Solved: Re: Replacing values and outputting data as separate csv file

elbarto · Posted 04-03-2022 07:00 PM

I have a dataset called low_2002 as follows:

DATA low_2002;
input county_id	ammonia nitrogen voc;
DATALINES;
1001	568.76	2329.47	6695.85
1003	0.24	0.00	50.41
1005	10.73	347.76	325.23
1007	0.00	59.06	77.60
1009	4.99	0.00	0.00
;
RUN;

and another dataset called TRI as follows:

DATA TRI;
input county_id	voc;
DATALINES;
1001	432.47
1003	0.00
1005	3.22
1007	0.00
1009	1.52
;
RUN;

What I would like to do is replace each county_id's VOC value in low_2002 with the corresponding value in TRI, sequentially, while keeping everything else exactly the same. This will produce 5 datasets. I want to name them low_2002_TRI_1, low_2002_TRI_2, ..., low_2002_TRI_5. For example, low_2002_TRI_1 will be: (county_id 1001 has the VOC value of 6695.85 replaced with 432.47, while everything else stays the same).

DATA low_2002_TRI_1;
input county_id	ammonia nitrogen voc;
DATALINES;
1001	568.76	2329.47	432.47
1003	0.24	0.00	50.41
1005	10.73	347.76	325.23
1007	0.00	59.06	77.60
1009	4.99	0.00	0.00
;
RUN;

low_2002_TRI_2 will be:

DATA low_2002_TRI_2;
input county_id	ammonia nitrogen voc;
DATALINES;
1001	568.76	2329.47	6695.85
1003	0.24	0.00	0.00
1005	10.73	347.76	325.23
1007	0.00	59.06	77.60
1009	4.99	0.00	0.00
;
RUN;

and all the way until low_2002_TRI_5:

DATA low_2002_TRI_5;
input county_id	ammonia nitrogen voc;
DATALINES;
1001	568.76	2329.47	6695.85
1003	0.24	0.00	50.41
1005	10.73	347.76	325.23
1007	0.00	59.06	77.60
1009	4.99	0.00	1.52
;
RUN;

Then, I would like to save each of the low_2002_TRI_1, low_2002_TRI_2, ..., low_2002_TRI_5 as csv files with no variable names and the county_id variable dropped, so that low_2002_TRI_1.csv looks like:

568.76	2329.47	432.47
0.24	0.00	50.41
10.73	347.76	325.23
0.00	59.06	77.60
4.99	0.00	0.00

and low_2002_TRI_2 looks like:

568.76	2329.47	6695.85
0.24	0.00	0.00
10.73	347.76	325.23
0.00	59.06	77.60
4.99	0.00	0.00

The above is just an example of 5 county_id's, but in reality, I will be applying this procedure to a fuller dataset with approximately 3000 county_id's.

mkeintz · Posted 04-03-2022 08:11 PM

At first you might imagine this task would read one obs from LOW_2002 at a time. It would then selectively output the unchanged obs to all but one of the output datasets. Then make the change, using the data from TRI, and output the changed obs to the single appropriate dataset. Go on and do the next record from LOW_2002.

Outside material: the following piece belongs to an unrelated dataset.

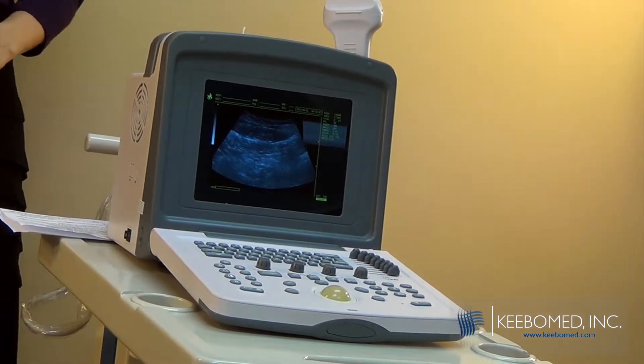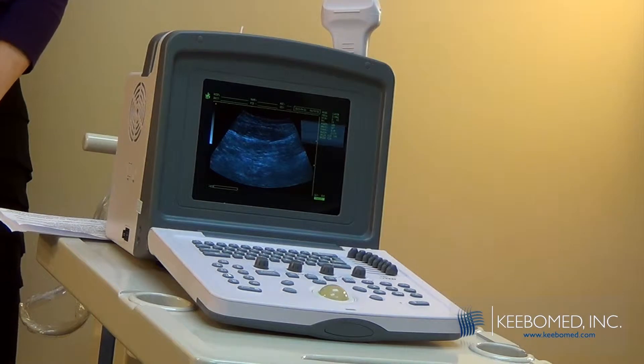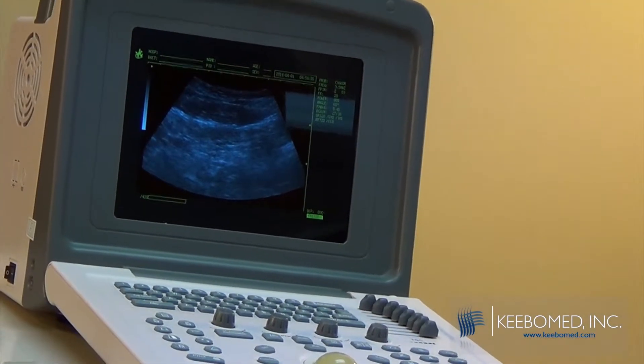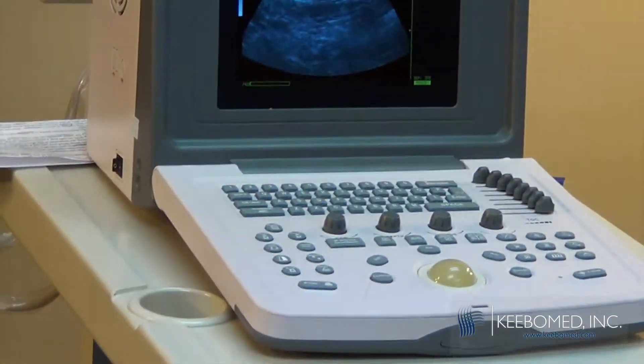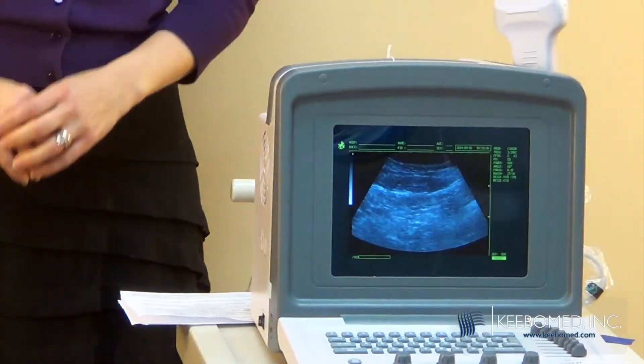Another thing that we've redesigned is the USB port. Previously you were not able to save images on a flash disk and then transport it to the PC. Now you're able to do that — you can save images to a flash disk and transfer them to a PC. That's a great feature.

But this requires a lot of hard coding of dataset names, among other complexities.

A better way is to load the original LOW_2002 into a hash object (i.e. a table in memory). Then read one record at a time from TRI. For each such record from TRI, modify the variable VOC in the hash object and then output the hash object to the corresponding dataset. Then restore the original value to the hash object.

DATA low_2002;
input county_id	ammonia nitrogen voc;
DATALINES;
1001	568.76	2329.47	6695.85
1003	0.24	0.00	50.41
1005	10.73	347.76	325.23
1007	0.00	59.06	77.60
1009	4.99	0.00	0.00
RUN;
DATA TRI;
input county_id	voc;
DATALINES;
1001	432.47
1003	0.00
1005	3.22
1007	0.00
1009	1.52
RUN;
data _null_;
  if 0 then set low_2002;
  if _n_=1 then do;
    declare hash h(dataset:'low_2002',ordered:'a');
      h.definekey('county_id');
      h.definedata(all:'Y');
      h.definedone();
  end;
  set tri (rename=(voc=new_voc));
  h.find();
  tmp_voc=voc;
  voc=new_voc;
  h.replace();
  h.output(dataset:cats('low_2002_tri_',_n_));
  voc=tmp_voc;
  h.replace();
run;

Among the advantages of the above is that you don't have to know in advance how many datasets will be produced. Instead just dynamically generate as many dataset names as needed by constructing the dataset names in the hash OUTPUT method. It will produce as many datasets as there are observations in TRI.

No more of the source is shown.